Before you configure sample data via Edge, it is important to validate that your Edge site has enough memory, CPU and available cache disk space.

Memory and CPU requirements

The Edge capability Catalog JDBC Sampling consists of two possible operations, which require Edge resources:

  • Extracting the sample data, which collects the data from a data source and caches the data on the Edge site.
  • Reading the sample data, which reads sample data from the Edge cache and returns it as a result of an API call or displays it in an asset page.

The following table shows how much resources are required for one request.

  Extracting the sample data Reading the sample data
Memory per request 4 Gb 900 Mb
CPU per request 1 cpu 0.9 cpu
Note 
  • If you want to support multiple requests to run at the same time, you need to multiply these numbers by the number of parallel requests.

  • These resources must be added to the other resource requirements for Edge, the operating system and any other software you would like to run on the same machine.

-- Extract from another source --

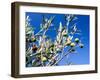 Views of Andalusia, Spain-Felipe Rodriguez-Framed Photographic Print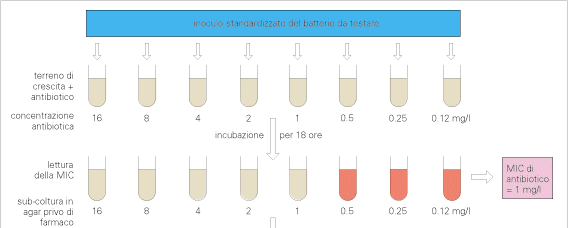 Microdiluizione in brodo Esecuzione e lettura risultati L antibiotico (a concentrazioni scalari 2-fold) viene solubilizzato in brodo di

    You also need to add the requirements of other Edge capabilities if you want run other capabilities in parallel of the sampling capability. If you accept that operations are executed one after the other and that some need to wait in a queue, then only the highest requirements need to be fulfilled.

Hard disk requirement

Extracted sample data remains in the cache of an Edge site. This means that enough disk space must be available to cache this data. If the Edge cache is still full and a new sample data request is added, the request will fail. For more information, go to Edge cache.

The required disk space largely depends on the expected number of tables for which sample data will be requested, per day. You can estimate the disk space in bytes as follows:

(Number of tables per day *2) * Number of columns * (Number of characters for one column name + (Number of samples * Number of characters for one sample)) * 2.05

  • You need to multiply the number of tables per day by 2 because the sample data can stay in the Edge cache about two days.
  • You need to multiply the number by 2.05 because, for each character, we calculate 2 bytes and some margin for the data serialization format.

Also consider that the Edge cache may hold other data than the sample data, like a copy of the JDBC drivers used to connect to the data sources. So it is best to round up the required space.

Example 

In this example,

  • You expect to receive requests for sample data for 100 tables per day.
  • Each table has about 20 columns with an average column name of 30 characters.
  • For each column, you want to collect 100 samples.
    This number is set in the Maximum number of samples DGC Service setting.
  • Each sample has an average of 100 characters.
    You can define the maximum number of characters to collect via the Maximum value length DGC Service setting.

The numbers for the calculation are:

  • Number of tables per day: 100.
  • Number of columns: 20.
  • Number of characters for one column name: 30.
  • Number of samples: 100.
  • Number of characters for one sample: 100.

The estimated disk space in bytes is:

(100 *2) * 20 * (30 + (100*100) * 2.05 = 882,246,000 bytes = 882,246 kb = 82 Mb

As a conclusion for this example, having around 100 Mb of disk space available for sample data on the Edge site cache should be sufficient.